“So, do carbon markets work, Carson?” This is the question I asked my colleague and friend Dr. Carson Reeling recently in our Consumer Corner Micro-Course, Consumer-Driven Changes in Ag Market Channels.

Having admired Carson’s work in environmental and natural resource markets for years, I was thrilled to lure (I mean, invite) him to collaborate on the Consumer Corner Micro-Course. I’m increasingly convinced, or maybe it is concern, that fulfilling consumer demand for things like ‘improved animal welfare’ are akin to ‘improved carbon emissions’. Admittedly, in one case (animal welfare) we want MORE and in the other (carbon) we want less, but the situation persists … we want stuff we cannot hold in our hands and that is hard to measure, but can technically (although sometimes at great expense) be validated or given some kind of stamp. That yields the next question, do we trust the people doing the stamping?

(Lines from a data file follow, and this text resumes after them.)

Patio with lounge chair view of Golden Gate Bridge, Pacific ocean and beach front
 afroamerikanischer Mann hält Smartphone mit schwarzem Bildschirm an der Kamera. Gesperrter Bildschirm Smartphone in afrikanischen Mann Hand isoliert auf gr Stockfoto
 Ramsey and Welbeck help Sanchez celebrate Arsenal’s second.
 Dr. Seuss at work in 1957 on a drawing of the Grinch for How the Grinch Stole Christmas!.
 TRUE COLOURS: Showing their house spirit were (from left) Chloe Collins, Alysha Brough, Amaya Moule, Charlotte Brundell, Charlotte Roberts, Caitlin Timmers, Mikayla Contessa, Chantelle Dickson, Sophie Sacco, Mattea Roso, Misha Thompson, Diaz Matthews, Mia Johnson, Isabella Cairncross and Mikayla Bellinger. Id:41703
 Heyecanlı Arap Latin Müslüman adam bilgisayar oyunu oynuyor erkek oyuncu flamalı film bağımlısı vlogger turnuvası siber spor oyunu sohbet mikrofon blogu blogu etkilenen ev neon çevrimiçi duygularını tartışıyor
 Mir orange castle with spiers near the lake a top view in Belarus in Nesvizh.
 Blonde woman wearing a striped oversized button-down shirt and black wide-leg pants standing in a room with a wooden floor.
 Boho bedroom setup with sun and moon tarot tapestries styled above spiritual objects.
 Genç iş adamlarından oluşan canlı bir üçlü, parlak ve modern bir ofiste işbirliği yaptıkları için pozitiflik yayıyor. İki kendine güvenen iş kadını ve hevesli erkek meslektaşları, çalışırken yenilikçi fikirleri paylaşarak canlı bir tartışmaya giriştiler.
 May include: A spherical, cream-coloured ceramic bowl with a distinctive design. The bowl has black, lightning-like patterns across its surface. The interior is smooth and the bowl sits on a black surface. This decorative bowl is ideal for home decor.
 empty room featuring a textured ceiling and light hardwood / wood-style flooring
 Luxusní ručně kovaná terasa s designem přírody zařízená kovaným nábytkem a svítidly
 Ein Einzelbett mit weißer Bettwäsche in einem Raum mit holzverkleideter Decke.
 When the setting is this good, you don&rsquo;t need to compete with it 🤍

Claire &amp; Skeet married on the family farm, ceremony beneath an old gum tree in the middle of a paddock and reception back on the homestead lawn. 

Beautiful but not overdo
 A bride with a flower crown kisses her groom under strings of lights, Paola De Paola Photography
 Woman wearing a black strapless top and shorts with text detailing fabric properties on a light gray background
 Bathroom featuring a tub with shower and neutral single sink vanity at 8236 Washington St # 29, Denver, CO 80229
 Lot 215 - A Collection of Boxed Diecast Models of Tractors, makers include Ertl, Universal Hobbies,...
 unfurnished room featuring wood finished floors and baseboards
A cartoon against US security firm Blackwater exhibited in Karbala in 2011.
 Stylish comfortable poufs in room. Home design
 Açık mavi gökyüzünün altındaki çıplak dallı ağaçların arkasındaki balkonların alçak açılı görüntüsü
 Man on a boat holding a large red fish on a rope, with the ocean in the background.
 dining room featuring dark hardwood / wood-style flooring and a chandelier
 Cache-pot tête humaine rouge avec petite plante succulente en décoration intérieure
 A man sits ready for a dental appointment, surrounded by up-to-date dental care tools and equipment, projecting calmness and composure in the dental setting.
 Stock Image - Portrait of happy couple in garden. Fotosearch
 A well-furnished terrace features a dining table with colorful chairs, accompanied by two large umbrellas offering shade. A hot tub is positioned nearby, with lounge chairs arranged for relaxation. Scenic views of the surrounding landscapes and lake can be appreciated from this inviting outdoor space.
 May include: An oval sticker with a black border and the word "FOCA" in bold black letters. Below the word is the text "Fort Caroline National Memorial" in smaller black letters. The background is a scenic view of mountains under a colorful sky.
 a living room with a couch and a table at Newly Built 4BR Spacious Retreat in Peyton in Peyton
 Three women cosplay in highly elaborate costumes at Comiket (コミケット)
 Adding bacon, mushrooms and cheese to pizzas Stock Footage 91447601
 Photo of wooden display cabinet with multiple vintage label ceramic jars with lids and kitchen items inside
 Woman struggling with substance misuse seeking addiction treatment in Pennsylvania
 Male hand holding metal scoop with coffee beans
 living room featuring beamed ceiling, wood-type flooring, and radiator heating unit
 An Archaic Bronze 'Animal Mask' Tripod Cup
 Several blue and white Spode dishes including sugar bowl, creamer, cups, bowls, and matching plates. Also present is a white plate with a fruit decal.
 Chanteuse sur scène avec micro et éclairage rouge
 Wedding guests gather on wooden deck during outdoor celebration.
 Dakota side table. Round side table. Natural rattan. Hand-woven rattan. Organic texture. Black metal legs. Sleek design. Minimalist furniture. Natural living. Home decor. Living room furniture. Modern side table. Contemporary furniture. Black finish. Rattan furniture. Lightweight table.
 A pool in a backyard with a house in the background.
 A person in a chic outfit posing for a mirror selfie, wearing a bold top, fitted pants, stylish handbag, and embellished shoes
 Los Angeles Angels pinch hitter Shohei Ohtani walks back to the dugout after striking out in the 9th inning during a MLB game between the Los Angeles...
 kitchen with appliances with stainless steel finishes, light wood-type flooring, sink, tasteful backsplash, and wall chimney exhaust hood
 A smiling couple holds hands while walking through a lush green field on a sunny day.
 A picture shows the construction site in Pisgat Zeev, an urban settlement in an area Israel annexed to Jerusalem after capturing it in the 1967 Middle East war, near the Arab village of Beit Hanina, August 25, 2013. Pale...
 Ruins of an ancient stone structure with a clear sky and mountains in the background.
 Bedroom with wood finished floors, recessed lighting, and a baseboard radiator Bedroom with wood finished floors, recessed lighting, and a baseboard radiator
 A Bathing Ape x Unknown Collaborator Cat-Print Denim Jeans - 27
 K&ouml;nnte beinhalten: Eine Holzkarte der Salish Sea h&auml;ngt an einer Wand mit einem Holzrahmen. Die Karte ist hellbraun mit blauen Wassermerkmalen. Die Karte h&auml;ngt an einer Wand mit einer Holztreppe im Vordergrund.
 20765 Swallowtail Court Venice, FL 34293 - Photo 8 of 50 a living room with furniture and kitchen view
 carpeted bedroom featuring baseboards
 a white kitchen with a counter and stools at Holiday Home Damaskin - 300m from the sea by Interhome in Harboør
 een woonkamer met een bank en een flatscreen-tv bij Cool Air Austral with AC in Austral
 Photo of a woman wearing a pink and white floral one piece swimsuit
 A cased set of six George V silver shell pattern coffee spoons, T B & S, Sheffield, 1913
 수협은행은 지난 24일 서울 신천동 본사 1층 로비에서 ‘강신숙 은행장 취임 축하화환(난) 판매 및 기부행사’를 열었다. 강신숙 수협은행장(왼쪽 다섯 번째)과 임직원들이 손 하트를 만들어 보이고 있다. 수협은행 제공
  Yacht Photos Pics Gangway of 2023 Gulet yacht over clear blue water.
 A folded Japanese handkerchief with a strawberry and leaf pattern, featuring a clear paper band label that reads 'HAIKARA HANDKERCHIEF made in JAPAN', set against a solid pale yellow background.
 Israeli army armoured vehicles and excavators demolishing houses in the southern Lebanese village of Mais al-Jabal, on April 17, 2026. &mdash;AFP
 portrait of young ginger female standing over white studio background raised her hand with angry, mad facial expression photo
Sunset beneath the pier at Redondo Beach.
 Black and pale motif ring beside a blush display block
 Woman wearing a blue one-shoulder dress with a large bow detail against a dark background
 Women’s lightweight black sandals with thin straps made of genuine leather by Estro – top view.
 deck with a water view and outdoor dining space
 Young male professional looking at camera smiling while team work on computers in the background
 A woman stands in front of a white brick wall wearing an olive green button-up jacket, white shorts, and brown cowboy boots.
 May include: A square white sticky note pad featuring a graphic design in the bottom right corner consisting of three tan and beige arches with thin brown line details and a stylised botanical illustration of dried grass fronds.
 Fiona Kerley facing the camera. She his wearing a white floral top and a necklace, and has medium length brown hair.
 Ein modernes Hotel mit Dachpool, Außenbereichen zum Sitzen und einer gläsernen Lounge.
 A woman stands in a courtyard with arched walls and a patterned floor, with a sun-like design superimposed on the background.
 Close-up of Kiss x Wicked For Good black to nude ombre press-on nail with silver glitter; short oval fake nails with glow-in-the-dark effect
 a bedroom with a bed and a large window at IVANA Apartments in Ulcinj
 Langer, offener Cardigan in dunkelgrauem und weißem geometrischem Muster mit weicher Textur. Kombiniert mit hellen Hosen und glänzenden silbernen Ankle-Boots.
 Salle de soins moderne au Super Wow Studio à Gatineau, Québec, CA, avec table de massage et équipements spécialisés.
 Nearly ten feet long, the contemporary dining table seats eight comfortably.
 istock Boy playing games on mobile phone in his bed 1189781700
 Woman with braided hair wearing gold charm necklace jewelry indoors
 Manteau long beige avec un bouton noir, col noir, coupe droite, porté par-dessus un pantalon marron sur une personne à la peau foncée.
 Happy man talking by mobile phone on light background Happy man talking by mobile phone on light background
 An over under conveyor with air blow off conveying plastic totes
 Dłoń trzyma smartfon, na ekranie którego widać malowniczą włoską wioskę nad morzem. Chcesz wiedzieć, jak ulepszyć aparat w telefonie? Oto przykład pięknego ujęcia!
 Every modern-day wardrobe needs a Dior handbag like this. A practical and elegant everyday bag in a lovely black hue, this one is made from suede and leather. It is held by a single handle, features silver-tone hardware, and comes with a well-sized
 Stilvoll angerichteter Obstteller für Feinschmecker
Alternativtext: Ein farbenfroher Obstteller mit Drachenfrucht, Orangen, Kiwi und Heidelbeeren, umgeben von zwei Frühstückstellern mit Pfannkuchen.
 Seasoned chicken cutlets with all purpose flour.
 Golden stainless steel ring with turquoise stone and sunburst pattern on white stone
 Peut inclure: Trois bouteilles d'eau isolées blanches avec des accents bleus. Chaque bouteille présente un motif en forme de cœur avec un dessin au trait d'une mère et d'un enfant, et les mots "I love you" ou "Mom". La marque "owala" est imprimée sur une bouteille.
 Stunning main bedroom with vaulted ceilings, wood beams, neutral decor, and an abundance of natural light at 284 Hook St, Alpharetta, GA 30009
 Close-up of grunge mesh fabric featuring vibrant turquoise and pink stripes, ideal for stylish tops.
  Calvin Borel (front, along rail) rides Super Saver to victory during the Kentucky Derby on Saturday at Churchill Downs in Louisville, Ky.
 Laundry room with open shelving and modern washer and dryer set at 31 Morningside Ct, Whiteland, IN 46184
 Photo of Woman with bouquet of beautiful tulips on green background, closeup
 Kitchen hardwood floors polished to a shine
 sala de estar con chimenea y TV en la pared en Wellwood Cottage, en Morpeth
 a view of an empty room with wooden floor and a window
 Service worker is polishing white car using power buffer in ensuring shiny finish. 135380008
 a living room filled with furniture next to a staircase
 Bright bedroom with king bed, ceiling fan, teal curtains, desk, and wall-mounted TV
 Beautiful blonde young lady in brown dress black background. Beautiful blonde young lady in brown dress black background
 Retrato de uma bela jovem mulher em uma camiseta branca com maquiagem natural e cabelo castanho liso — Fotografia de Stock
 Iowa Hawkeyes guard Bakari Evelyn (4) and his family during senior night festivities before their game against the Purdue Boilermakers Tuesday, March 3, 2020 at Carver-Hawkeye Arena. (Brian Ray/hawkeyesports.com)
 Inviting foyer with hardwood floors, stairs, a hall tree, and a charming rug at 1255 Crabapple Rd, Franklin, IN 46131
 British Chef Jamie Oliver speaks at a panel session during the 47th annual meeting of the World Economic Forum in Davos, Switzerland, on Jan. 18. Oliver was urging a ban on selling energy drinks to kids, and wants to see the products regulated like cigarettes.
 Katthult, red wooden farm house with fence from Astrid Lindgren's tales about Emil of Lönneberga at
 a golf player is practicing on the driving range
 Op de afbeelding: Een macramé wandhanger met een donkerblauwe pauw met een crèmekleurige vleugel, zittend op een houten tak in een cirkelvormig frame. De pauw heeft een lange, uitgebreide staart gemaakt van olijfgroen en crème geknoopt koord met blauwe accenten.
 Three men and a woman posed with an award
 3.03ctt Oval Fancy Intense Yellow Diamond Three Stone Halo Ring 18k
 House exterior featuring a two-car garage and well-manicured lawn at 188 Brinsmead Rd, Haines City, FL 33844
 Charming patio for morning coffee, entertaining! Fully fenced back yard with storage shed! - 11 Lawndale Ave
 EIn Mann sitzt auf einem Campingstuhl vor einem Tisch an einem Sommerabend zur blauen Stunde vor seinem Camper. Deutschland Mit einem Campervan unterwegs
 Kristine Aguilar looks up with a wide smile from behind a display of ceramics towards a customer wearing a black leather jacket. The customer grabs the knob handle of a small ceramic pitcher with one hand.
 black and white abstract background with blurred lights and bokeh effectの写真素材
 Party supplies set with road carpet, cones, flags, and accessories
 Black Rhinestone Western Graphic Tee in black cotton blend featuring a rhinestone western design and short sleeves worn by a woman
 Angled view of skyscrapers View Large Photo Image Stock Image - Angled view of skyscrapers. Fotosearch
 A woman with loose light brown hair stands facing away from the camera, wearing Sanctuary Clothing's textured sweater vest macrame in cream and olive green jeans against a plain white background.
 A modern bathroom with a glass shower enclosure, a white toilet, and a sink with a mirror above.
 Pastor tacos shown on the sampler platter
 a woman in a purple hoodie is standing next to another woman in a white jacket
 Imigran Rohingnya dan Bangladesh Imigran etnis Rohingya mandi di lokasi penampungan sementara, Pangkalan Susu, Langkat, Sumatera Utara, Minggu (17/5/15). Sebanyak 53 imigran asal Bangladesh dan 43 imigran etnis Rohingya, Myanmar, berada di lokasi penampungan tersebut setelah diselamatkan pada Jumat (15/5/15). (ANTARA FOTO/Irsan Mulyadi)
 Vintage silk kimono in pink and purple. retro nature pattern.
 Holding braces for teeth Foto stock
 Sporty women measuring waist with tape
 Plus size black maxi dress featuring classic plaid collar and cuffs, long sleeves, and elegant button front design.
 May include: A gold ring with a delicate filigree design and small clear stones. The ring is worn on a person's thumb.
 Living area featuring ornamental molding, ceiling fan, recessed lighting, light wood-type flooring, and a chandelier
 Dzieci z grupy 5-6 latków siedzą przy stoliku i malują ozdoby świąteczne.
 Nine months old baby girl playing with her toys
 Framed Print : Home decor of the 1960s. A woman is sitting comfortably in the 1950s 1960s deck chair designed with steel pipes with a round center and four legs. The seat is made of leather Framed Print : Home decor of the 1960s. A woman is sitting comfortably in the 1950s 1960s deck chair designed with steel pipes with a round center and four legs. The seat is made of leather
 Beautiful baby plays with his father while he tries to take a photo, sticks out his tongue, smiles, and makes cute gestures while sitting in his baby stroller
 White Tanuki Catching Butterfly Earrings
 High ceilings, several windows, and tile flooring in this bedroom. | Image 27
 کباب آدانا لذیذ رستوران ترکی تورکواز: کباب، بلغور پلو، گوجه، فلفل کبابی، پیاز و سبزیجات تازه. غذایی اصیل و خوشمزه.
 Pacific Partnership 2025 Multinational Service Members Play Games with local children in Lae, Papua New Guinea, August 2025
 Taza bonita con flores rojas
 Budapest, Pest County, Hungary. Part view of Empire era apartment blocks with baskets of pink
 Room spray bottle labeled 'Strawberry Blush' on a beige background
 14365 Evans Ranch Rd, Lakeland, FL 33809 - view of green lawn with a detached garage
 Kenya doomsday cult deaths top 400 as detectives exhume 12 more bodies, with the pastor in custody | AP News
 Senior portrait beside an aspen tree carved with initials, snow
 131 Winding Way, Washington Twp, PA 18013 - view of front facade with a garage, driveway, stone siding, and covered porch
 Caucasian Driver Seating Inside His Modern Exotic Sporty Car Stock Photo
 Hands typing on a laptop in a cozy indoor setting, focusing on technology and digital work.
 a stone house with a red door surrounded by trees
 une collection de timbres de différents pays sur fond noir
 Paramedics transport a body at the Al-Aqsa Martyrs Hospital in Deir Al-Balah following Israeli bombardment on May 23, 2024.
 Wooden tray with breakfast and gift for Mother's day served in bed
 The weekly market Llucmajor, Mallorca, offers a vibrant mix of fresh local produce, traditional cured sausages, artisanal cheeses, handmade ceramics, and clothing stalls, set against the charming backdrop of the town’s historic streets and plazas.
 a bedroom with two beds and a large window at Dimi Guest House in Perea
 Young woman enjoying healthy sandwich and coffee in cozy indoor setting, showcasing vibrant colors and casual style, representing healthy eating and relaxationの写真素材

With all of the interest in carbon markets today by consumers, I really do want to know if they work (and apparently so do lots of other people).

Author: Nicole Olynk Widmar, Associate Head and Professor, Purdue University, Department of Agricultural Economics, and Carson Reeling, Associate Professor, Purdue University, Department of Agricultural Economics

Nicole: “So, do carbon markets work, Carson?”

Carson: “I use that term “market” very loosely, because if you are an economist who looks at these (carbon markets), they don’t really look like anything that resembles a market to you.”  Dr. Carson Reeling, April 6th, 2022 in the Consumer Corner Micro-Course Consumer-Driven Changes in Ag Market Channels

It’s a trick question … let’s start with whether they are actually markets. The answer? They’re not actually markets, although there are certainly an abundance of carbon offset programs.

So, perhaps they are voluntary carbon sequestration programs. Whether a market or a program, they’re certainly eliciting attention these days, and that attention yields a need for agriculture’s involvement in ensuring trust in the programs and that consumers and the general public know what they’re getting (and that we know what we’re giving!).